The problem:
Of the records that follow, copy only the lines from the line containing "Tschechisches Warmblut, Wallach, 3" to the line containing "Muscle court adducteur", both included, exactly as written.

[[ Source records, beginning ]]

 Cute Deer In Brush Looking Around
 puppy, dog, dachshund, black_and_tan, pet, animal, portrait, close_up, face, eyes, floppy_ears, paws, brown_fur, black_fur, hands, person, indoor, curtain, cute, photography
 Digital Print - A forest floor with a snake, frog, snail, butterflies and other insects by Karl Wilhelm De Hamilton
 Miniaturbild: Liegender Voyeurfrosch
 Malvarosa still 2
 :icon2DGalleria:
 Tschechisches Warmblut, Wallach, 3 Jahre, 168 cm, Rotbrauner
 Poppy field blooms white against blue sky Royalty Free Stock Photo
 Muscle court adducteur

[[ Source records, end ]]
[[ Source records, beginning ]]

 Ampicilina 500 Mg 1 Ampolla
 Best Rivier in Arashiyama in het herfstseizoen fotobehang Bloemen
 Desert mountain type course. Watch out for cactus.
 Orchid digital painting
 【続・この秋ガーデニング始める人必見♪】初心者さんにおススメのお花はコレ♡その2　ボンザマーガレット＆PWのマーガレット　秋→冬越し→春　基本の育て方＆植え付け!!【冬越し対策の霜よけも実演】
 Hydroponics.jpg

[[ Source records, end ]]

Expected answer:
 Tschechisches Warmblut, Wallach, 3 Jahre, 168 cm, Rotbrauner
 Poppy field blooms white against blue sky Royalty Free Stock Photo
 Muscle court adducteur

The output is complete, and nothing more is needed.